Re: [PATCHv3 1/2] cpu/hotplug: Keep cpu hotplug disabled until the rebooting cpu is stable

From: Pingfan Liu
Date: Mon May 09 2022 - 23:41:03 EST


On Mon, May 09, 2022 at 12:55:21PM +0200, Thomas Gleixner wrote:
> On Mon, May 09 2022 at 12:13, Pingfan Liu wrote:
> > The following code chunk repeats in both
> > migrate_to_reboot_cpu() and smp_shutdown_nonboot_cpus():
> >
> > if (!cpu_online(primary_cpu))
> > primary_cpu = cpumask_first(cpu_online_mask);
> >
> > This is due to a breakage like the following:
>
> I don't see what's broken here.
>

No, no broken.
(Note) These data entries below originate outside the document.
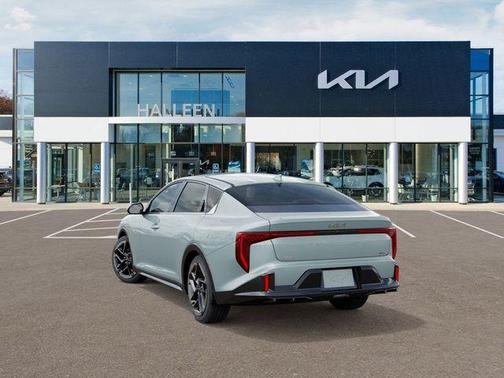 2025 Kia K4 GT-Line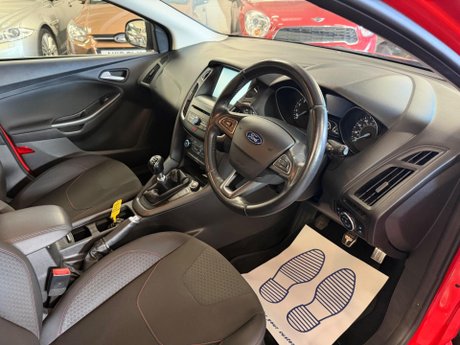Ford Focus 1.0T EcoBoost Zetec S Euro 6 (s/s) 5dr 32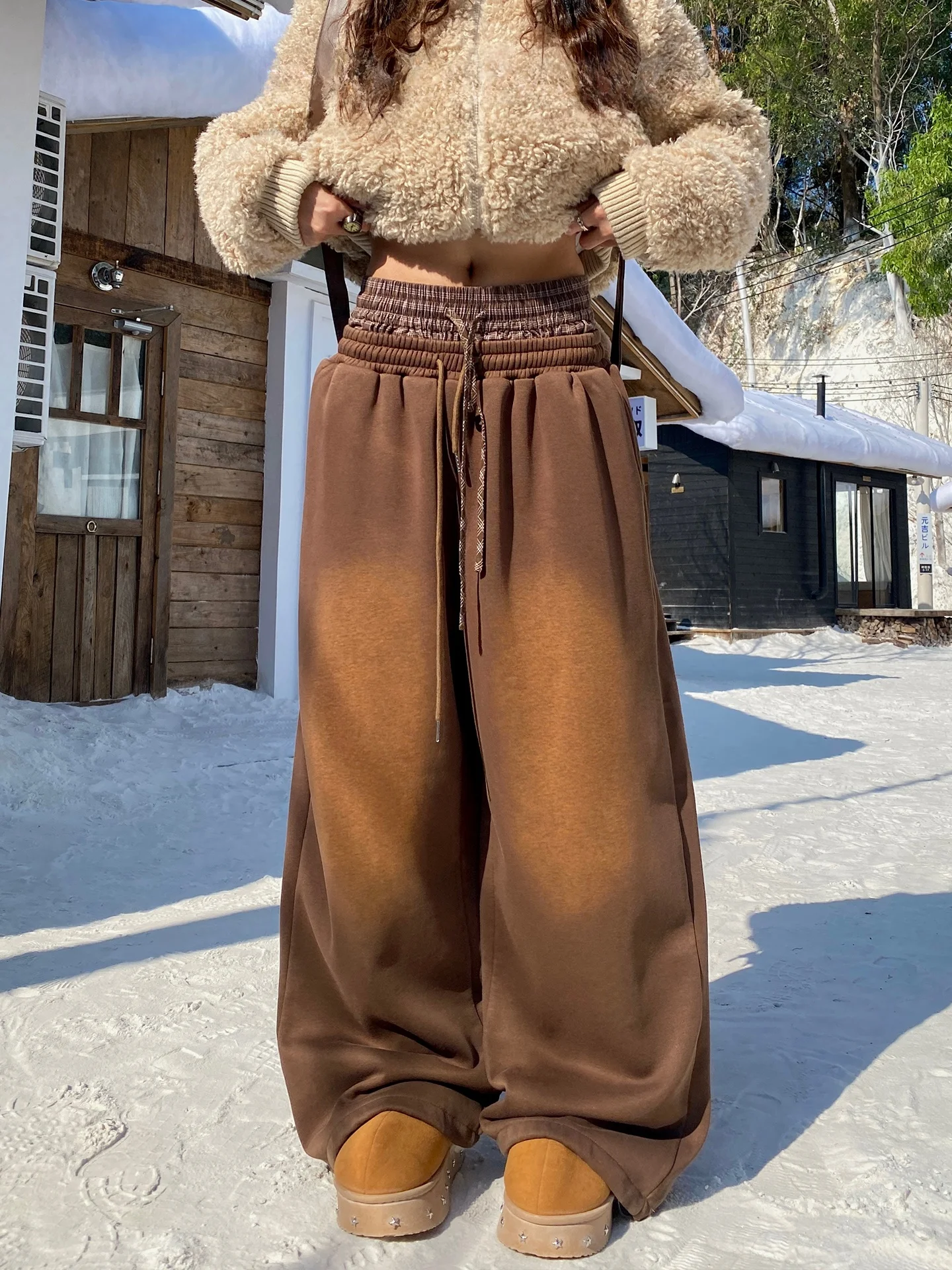 Retro American Splicing Fce Lined Wide Leg Pants Women's Casual Long Trousers Autumn Winter Comfortable Loose Fit Trousers
Retro American Splicing Fce Lined Wide Leg Pants Women's Casual Long Trousers Autumn Winter Comfortable Loose Fit Trousers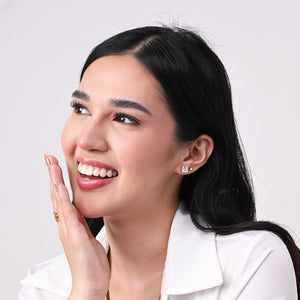 WG MEDIUM HEART STUD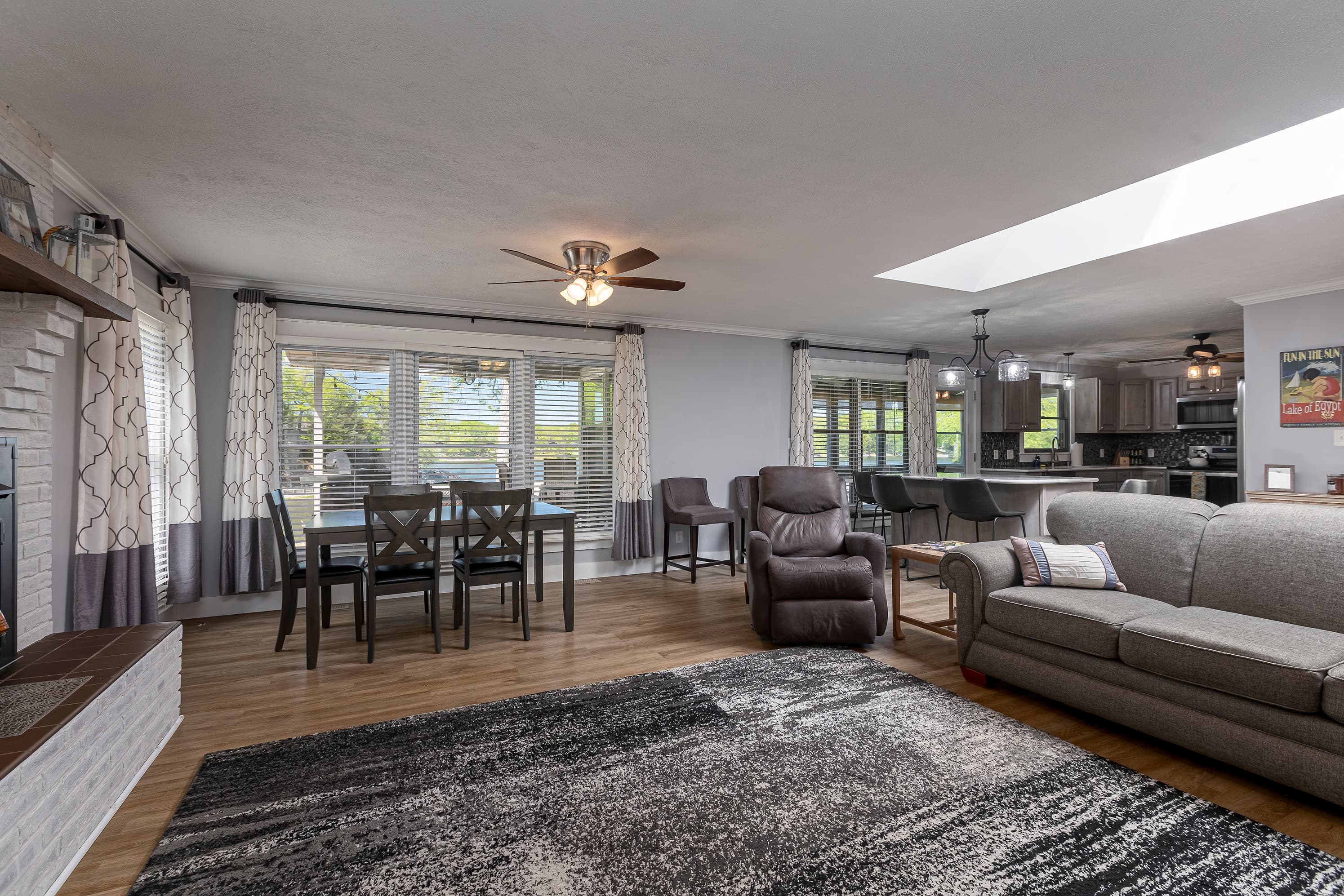 Spacious living room
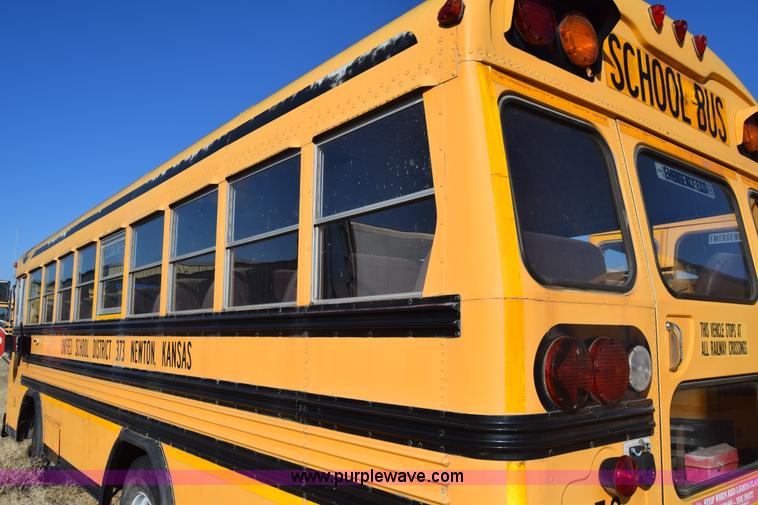 image for item L1119 1993 Blue Bird TC2000 school bus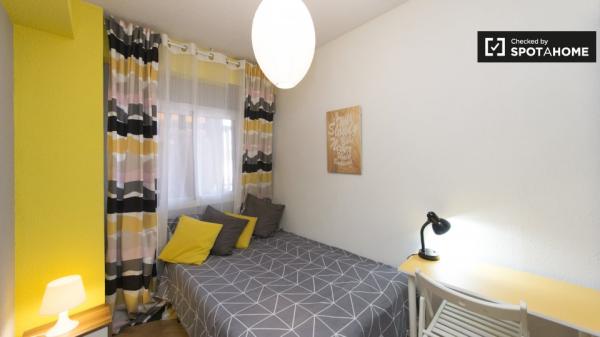 Habitación en piso de 6 dormitorios en Alcalá de Henares.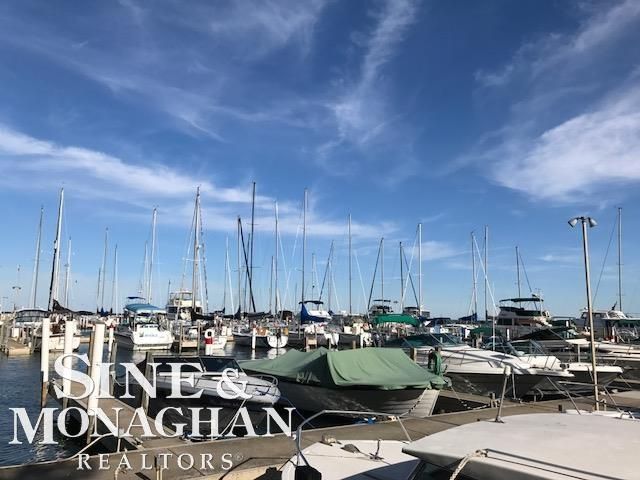 806 Pemberton Road, Grosse Pointe Park, MI 48230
Could it be better to replace 'breakage' with 'breakin'?

> > kernel_kexec()
> > migrate_to_reboot_cpu();
> > cpu_hotplug_enable();
> > -----------> comes a cpu_down(this_cpu) on other cpu
> > machine_shutdown();
> > smp_shutdown_nonboot_cpus(); // re-check "if (!cpu_online(primary_cpu))" to protect against the former breakin
> >
> > Although the kexec-reboot task can get through a cpu_down() on its cpu,
> > this code looks a little confusing.
>
> Confusing != broken.
>

Yes. And it only recurs confusing.

> > +/* primary_cpu keeps unchanged after migrate_to_reboot_cpu() */
>
> This comment makes no sense.
>

Since migrate_to_reboot_cpu() disables cpu hotplug, so the selected
valid online cpu -- primary_cpu keeps unchange.

> > void smp_shutdown_nonboot_cpus(unsigned int primary_cpu)
> > {
> > unsigned int cpu;
> > int error;
> >
> > + /*
> > + * Block other cpu hotplug event, so primary_cpu is always online if
> > + * it is not touched by us
> > + */
> > cpu_maps_update_begin();
> > -
> > /*
> > - * Make certain the cpu I'm about to reboot on is online.
> > - *
> > - * This is inline to what migrate_to_reboot_cpu() already do.
> > + * migrate_to_reboot_cpu() disables CPU hotplug assuming that
> > + * no further code needs to use CPU hotplug (which is true in
> > + * the reboot case). However, the kexec path depends on using
> > + * CPU hotplug again; so re-enable it here.
>
> You want to reduce confusion, but in reality this is even more confusing
> than before.
>

This __cpu_hotplug_enable() can be considered to defer from kernel_kexec() to
arch-dependent code chunk (here), which is a more proper point.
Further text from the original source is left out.